The goal of aiding housing has been met and the company's $60 billion mortgage portfolio represents the level of funds that have been made available to primary lenders to make additional mortgages.

But last week, Fannie Mae reported its first yearly loss ever after four consecutive quarterly losses. The 12-month loss of $190.4 million came as no surprise to government and investment analysts who have been watching the company in recent years, as profits declined steadily from $209 million in 1978 to $162 million in 1979 and a slim $14 million in 1980.

Maxwell said that even though fourth-quarter losses were less than the previous quarter, with a slight decline of interest rates, "we aren't out of the woods yet . . . 1982 certainly won't be profitable." As E. F. Hutton analyst Michael Lewis said: "The future is really out of Fannie Mae's hands."

But Maxwell also emphasized, in an interview, that Fannie Mae owns enough riches from earlier years of very conservative and often-criticized management to weather the interest-rate storms until government policies bring inflation under control, as he thinks will happen.

At the end of the third quarter last year, Fannie Mae's debt of $57 billion carried an average cost of 11.52 percent, with an average maturity of two years and seven months. The mortgage portfolio was yielding 9.62 percent. That means Fannie Mae was paying 1.9 percentage points more to borrow money than it was taking in. In 1982, the mortgage yield will top 10 percent but high borrowing costs will remain; Fannie Mae sold a $1 billion debenture offering this month with an interest rate of 15.05 percent.

What gives solace to Maxwell, who took over the stewardship of Fannie Mae last year after serving as chairman of Ticor Mortgage Insurance Co. and as general counsel of the Housing and Urban Development department before that, is some $1.3 billion of stockholders' equity remaining as of last Sept. 30. Well over half of that total is "retained earnings," or money kept by management out of earlier profits.

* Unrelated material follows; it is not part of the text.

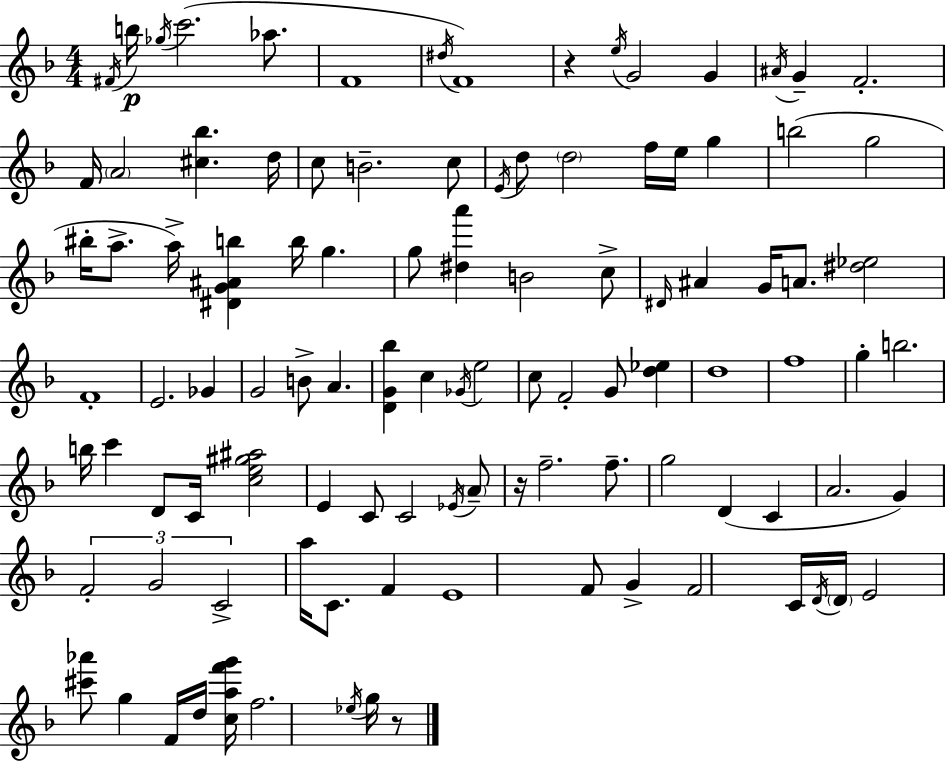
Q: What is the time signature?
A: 4/4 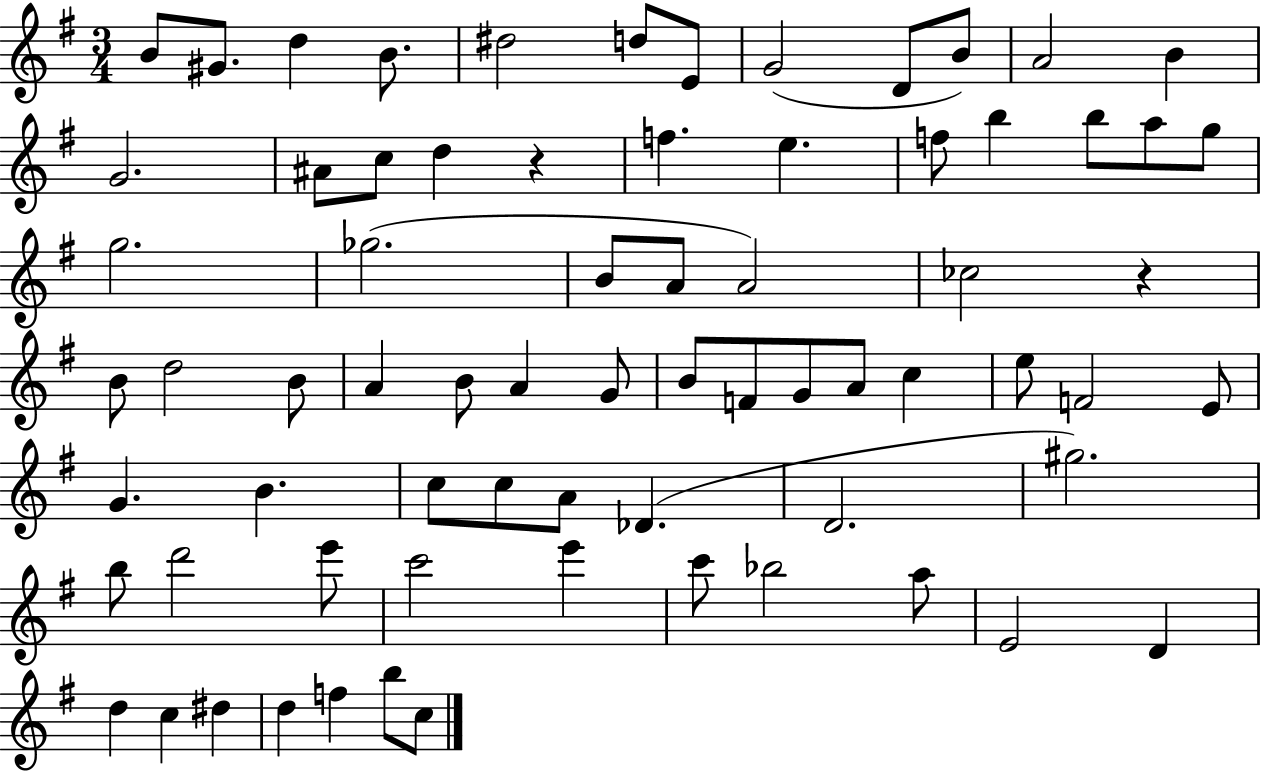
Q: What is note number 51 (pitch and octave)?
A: D4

Given a worst-case scenario, with interest rates remaining at historically high levels over the next few years, these retained earnings could be swallowed up by operating losses just as many savings and loan associations or mutual savings banks saw their once-handsome stash of reserves to cover possible losses disappear in 1981--forcing a takeover by another institution.

In the case of Fannie Mae, with no changes in the current economic climate, it would take probably four years before the company faced the prospect of running out of cash. That scenario presumes that the $71 million rate of loss in the recent quarter by Fannie Mae would continue indefinitely. And there could be no marriage of convenience in the case of Fannie Mae; the federal government would have to step in to prop it up or face money market chaos.

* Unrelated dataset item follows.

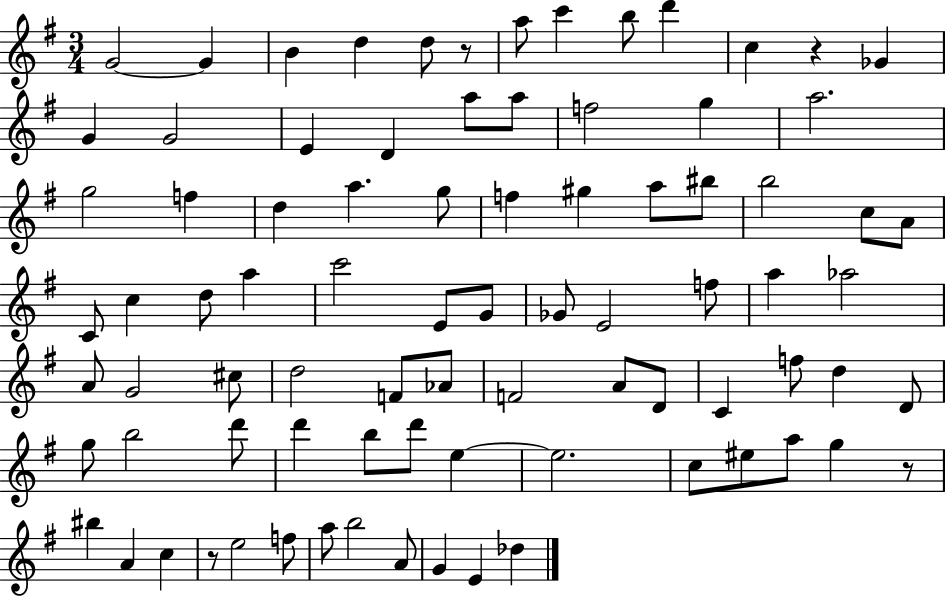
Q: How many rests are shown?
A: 4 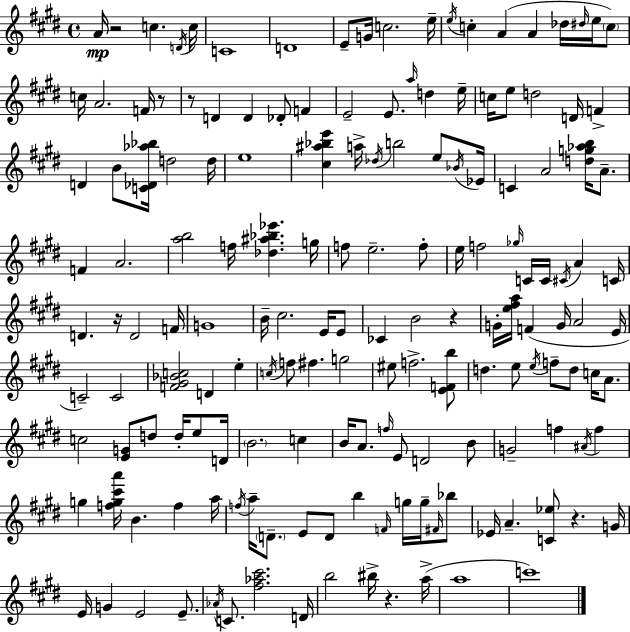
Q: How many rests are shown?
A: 7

Maxwell doesn't think there is any chance this could happen and most Wall Street analysts agree, noting that Fannie Mae has been raising fees for its regular services and launching new programs designed to increase the return on its overall mortgage portfolio as well as to attract new, profitable business.

The FNMA chief has ordered a strategic planning effort to cover five years, "to define where Fannie Mae fits in the U.S. economy over the next decade." It's a first for the company and follows a thorough restructuring of the firm's management, with several key outsiders in addition to Maxwell. He also is planning to concentrate on making new programs work and to expand into rental housing programs.

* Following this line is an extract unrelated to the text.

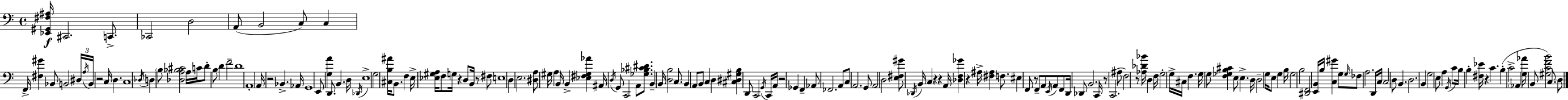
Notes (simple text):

"I'm not discouraged," Maxwell added. "I've never been terribly optimistic about 1982 . . . but we have the staying power."

The company's directors (10 elected by stockholders and five appointed by the president) apparently accept this. They voted last week to pay a dividend of 4 cents a share on common stock, the same rate as the previous quarter although far below the $1.28-per-share annual rate of 1979. Continuation of cash dividends for an unprofitable company and one that has no prospects of making a profit is a questionable practice, but company officials note that the cost of the small payout is less than $3 million a quarter and that elimination of the dividend altogether would make the company's stock totally unattractive.